PROBLEM DESCRIPTION:
An acceptable answer repeats exactly the line containing "- Branca Cama" and all lines that follow it in the listing below, and it includes no pictures.

SUPPLIED MATERIAL:
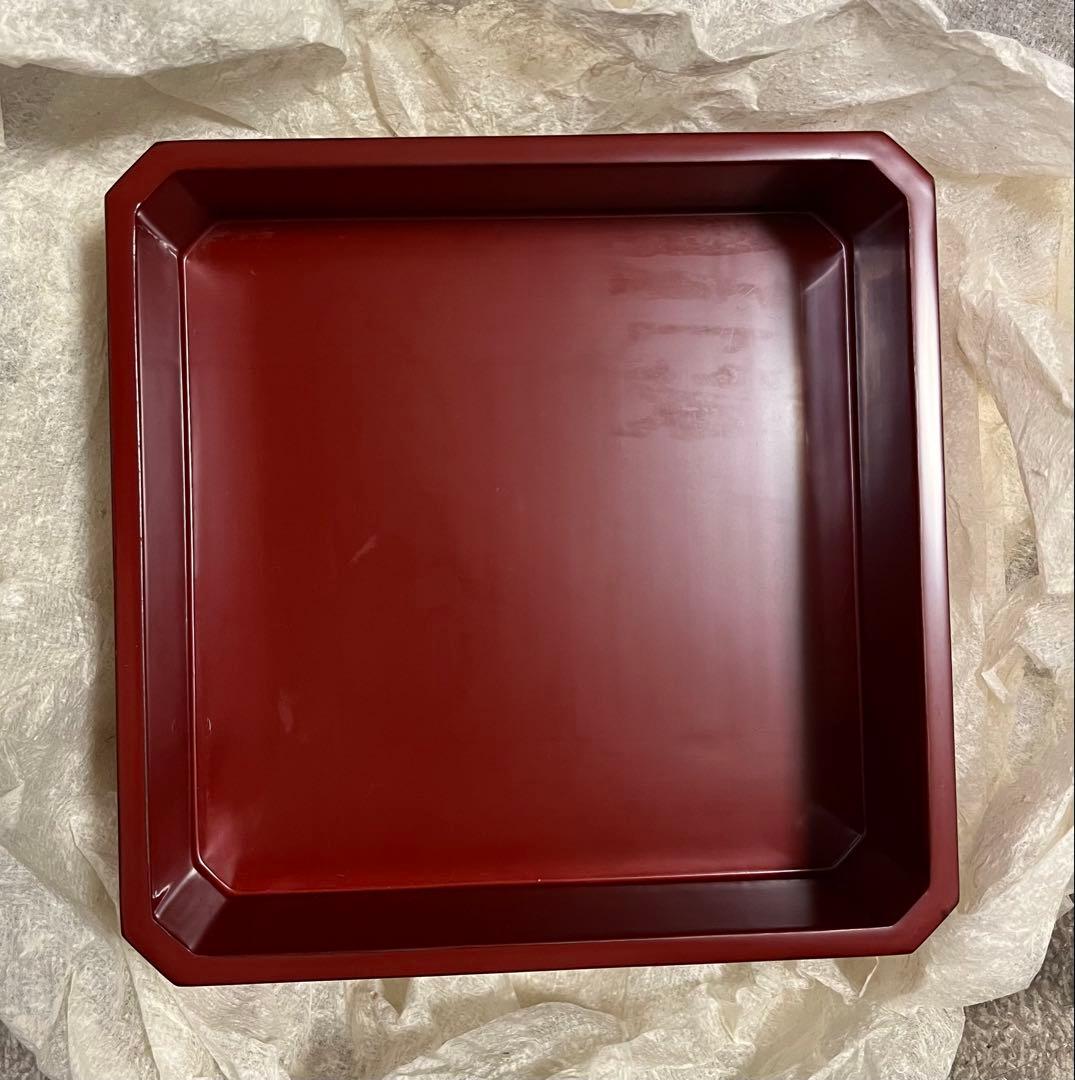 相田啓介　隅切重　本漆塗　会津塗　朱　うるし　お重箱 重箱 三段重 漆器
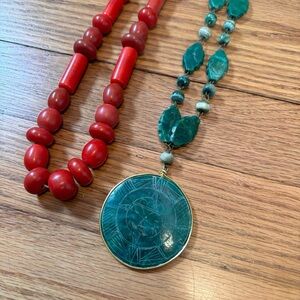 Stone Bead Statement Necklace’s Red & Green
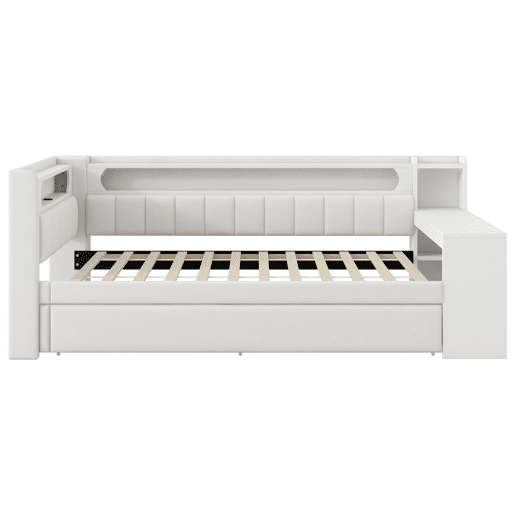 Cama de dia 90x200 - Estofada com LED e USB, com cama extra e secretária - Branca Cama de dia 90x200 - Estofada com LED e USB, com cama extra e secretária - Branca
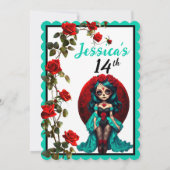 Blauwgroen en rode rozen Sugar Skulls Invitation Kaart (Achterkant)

ANSWER SECTION:
 Cama de dia 90x200 - Estofada com LED e USB, com cama extra e secretária - Branca Cama de dia 90x200 - Estofada com LED e USB, com cama extra e secretária - Branca
 Blauwgroen en rode rozen Sugar Skulls Invitation Kaart (Achterkant)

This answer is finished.